We’ve had the pleasure of working with companies of all shapes and sizes over the past 16 years. Because of this, we’ve learned that there are very distinct differences between driving traffic to a website and measuring success.
For smaller companies and local businesses, traffic alone is often enough to warrant a celebration and a well-deserved pat on the back. However, as you begin working with mid-scale and enterprise corporations, it gets a little trickier.
Enterprise-level companies tend to use SEO for brand awareness more than for direct leads or sales, while local companies primarily benefit from the latter.
Also, enterprise content tends to be written for influencers and advocates, who then bring the product or service to the decision-maker and plead its case. Small-business and local business content is more often aimed directly at the decision-maker.
What You Should Know About Enterprise-Level SEO
There are complicated business models and multi-layered streams of traffic that make it much more difficult to prove exactly what you were responsible for and what is due to teams of marketing people who work internally—and who you’ve likely never met.

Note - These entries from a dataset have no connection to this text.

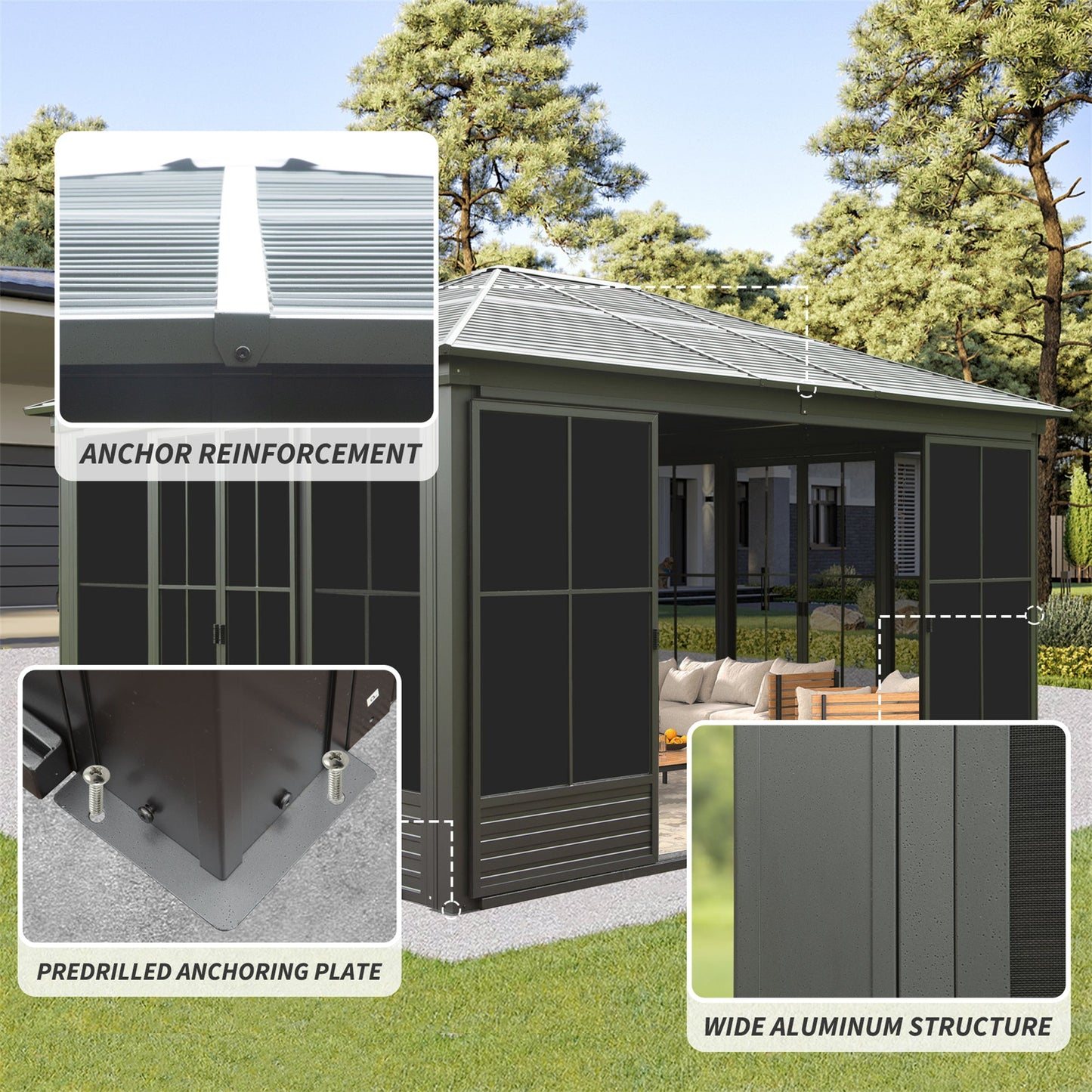 12x14ft outdoor sunroom gazebo HouseOfZazla with aluminum frame and predilled anchoring plates on Tampa Home & Garden Store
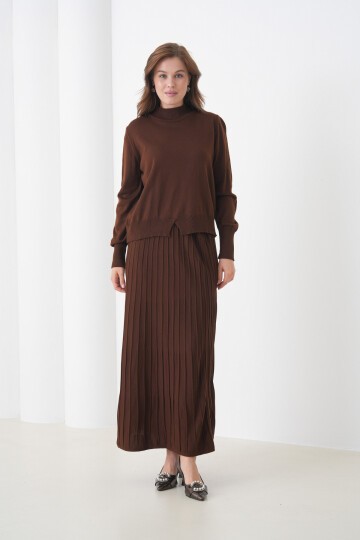 Kadın Pileli Etek Kazağı V Tasarım Tesettüre Uygun Örgü Triko Etek Kazak Takım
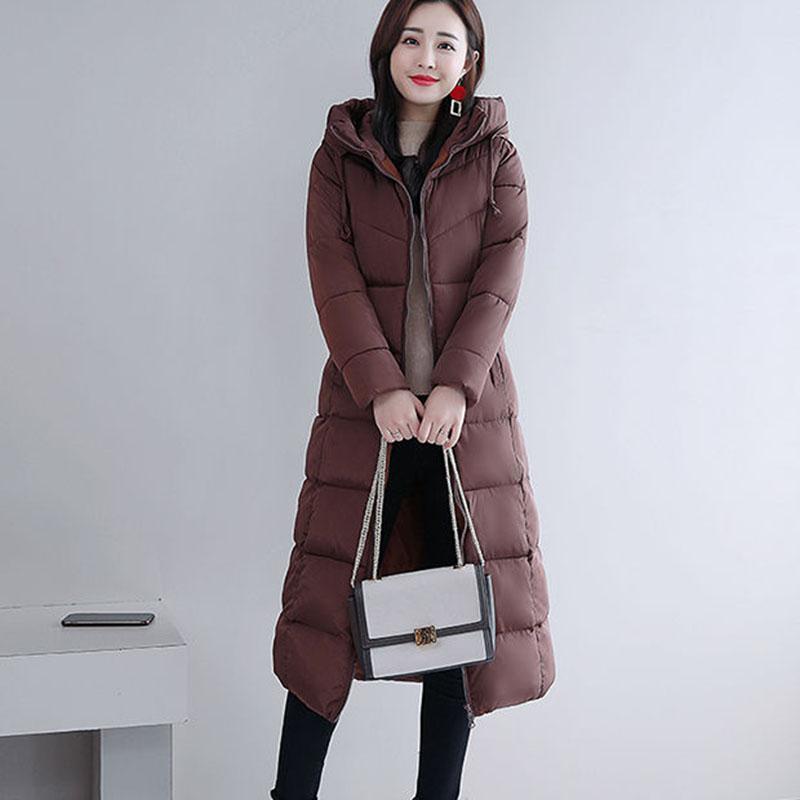Women Parka Coat Autumn Winter Thicken Warm Hooded Coat Ladies Slimming Lengthen Padded Jacket with Pocket Outerwear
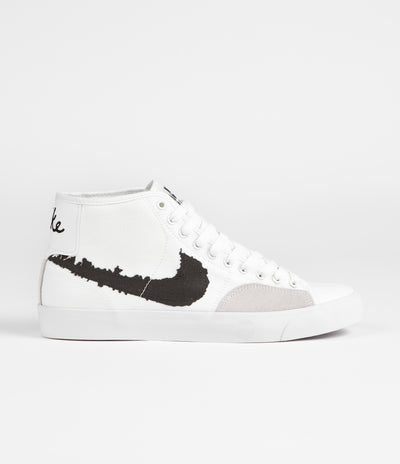 Nike SB Blazer Court Mid Premium Shoes - White / Black - White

While it’s true that on-page SEO principles apply regardless of the size of a website, it’s important to identify low-hanging fruit and make early wins when it comes to enterprise-level SEO needs.
Standing out early among your contacts and having the aforementioned staff assigned to promote the website (aka “the rest of the cooks in the kitchen”) will help everyone believe that you actually know what you’re talking about. It will make users more likely to listen when you demand to be included in their internal meetings so you can make sure all marketing efforts are aligned and there is no rogue SEO taking place in faraway silos.
Plan Ahead
It usually takes much longer to get approval or buy-in from key enterprise-level decision-makers before you can actually implement a strategy. That’s due to no fault of their own, but unlike with small businesses or local companies, you’re dealing with multiple decision-makers: marketing managers, board members, chief officers, outside advisors, and whoever else those people turn to for approval. So the sooner you prove your value and earn their confidence, the better.
This is why creating early wins and providing aha moments matter—and they help in the long term, too.
Explain. Educate. Show.
The best way I’ve found to make this happen is through educating the client on exactly how their website is performing and how current visitors behave on their site.
When it comes to traffic, I focus on organic visits only (non-paid search traffic) and share which pages drive the most traffic, which pages convert the most traffic, and, equally, which pages provide the least of each. This is best done through a live screenshare or with screenshots directly from Google Analytics.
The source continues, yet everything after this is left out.